28 Jan Saying “NO”
Since we are born we are told “no” quite a few times. We are too little to understand that when parents say “no” due to different reasons, most of the times is for our own benefit and safety. When we are young we have a limited perspective regarding what’s good and healthy for us and what’s not. Our parents/carers take the responsibility to teach us that and show us that our choices have consequences. It’s like crossing the street: if you don’t look right or left, you might get hit by a car. But if you make the conscious choice of looking right or left, you might protect your life and even save it.
We grow and become teenagers. Saying “no” at this stage is the last thing we want to hear. We desire freedom: freedom of speech, freedom of choice, freedom of any consequences that might follow our bad decisions. Little do we know that saying “no” is in fact a healthy thing that helps, encourages and supports are personal growth. It is seen as restrictive and authoritarian, but if you take a closer look, it’s not. We become so used to saying “yes” that saying “no” looks like the enemy when it’s actually not.
Saying “no” plays a major role in protecting ourselves and setting healthy boundaries around us. “No” becomes a line drawn around ourselves to let people know what’s OK and what’s not OK, according to our life principles and values. When people break these boundaries, we get upset and feel the need to fight back and point at them saying: “These are important to me. Please, respect them”.
Too many times when we set boundaries people find it difficult to respect them for the simple fact they don’t have boundaries for themselves and don’t really understand the concept of it. They tend to judge and label you as being “selfish”, “harsh” even “mean” and “inconsiderate”. They can’t go beyond you saying “no” and see the bigger picture and the fact that you have your own right to reject and accept things for yourself according to your own values.

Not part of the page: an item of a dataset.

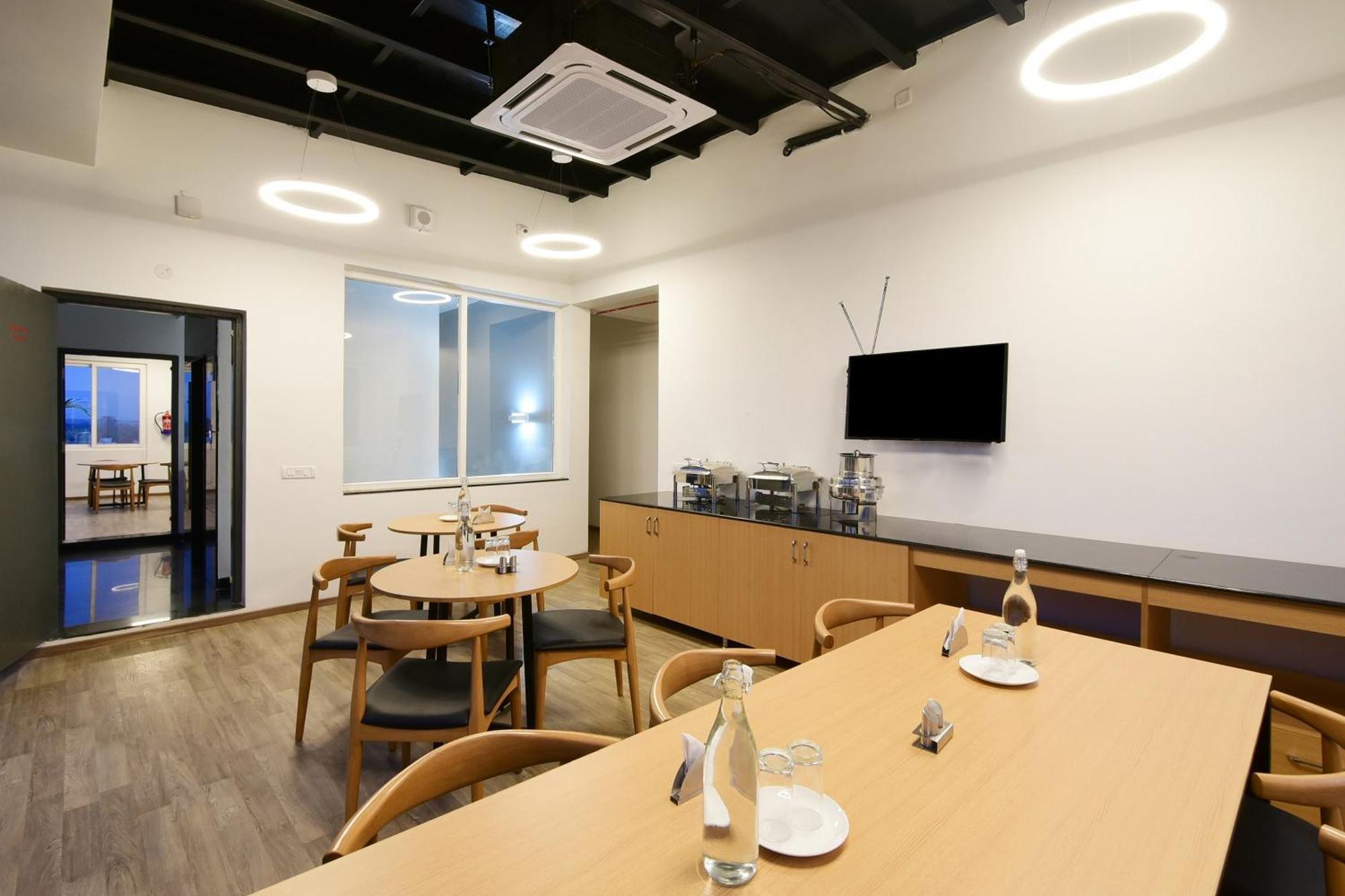 Townhouse Airport Road Hotel Yelahanka Bagian luar foto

It’s time to change our perspective. Saying “no” is healthy. It means I value myself too much to violate my rights and needs in favour of others. Yes, I am an advocate of supporting, encouraging, offering help to people but I also advocate for becoming healthy individuals with healthy boundaries which will contribute to our maturity and personal growth, not to mention our own wellbeing. We tend to respect more people that are able to say “no” and value themselves, people that are so confident in their identity that they know they don’t need to prove anything to those around them. They trust themselves with having the wisdom to make right choices and when that fails them, they have mentors or close friends that can support and tell them what they did wrong in a kind way which will give them courage to continue on their journey.
Say “no” when you have to. It’s not bad nor mean to do so. It sets healthy boundaries between you and the world. And that will improve your overall life and sense of happiness.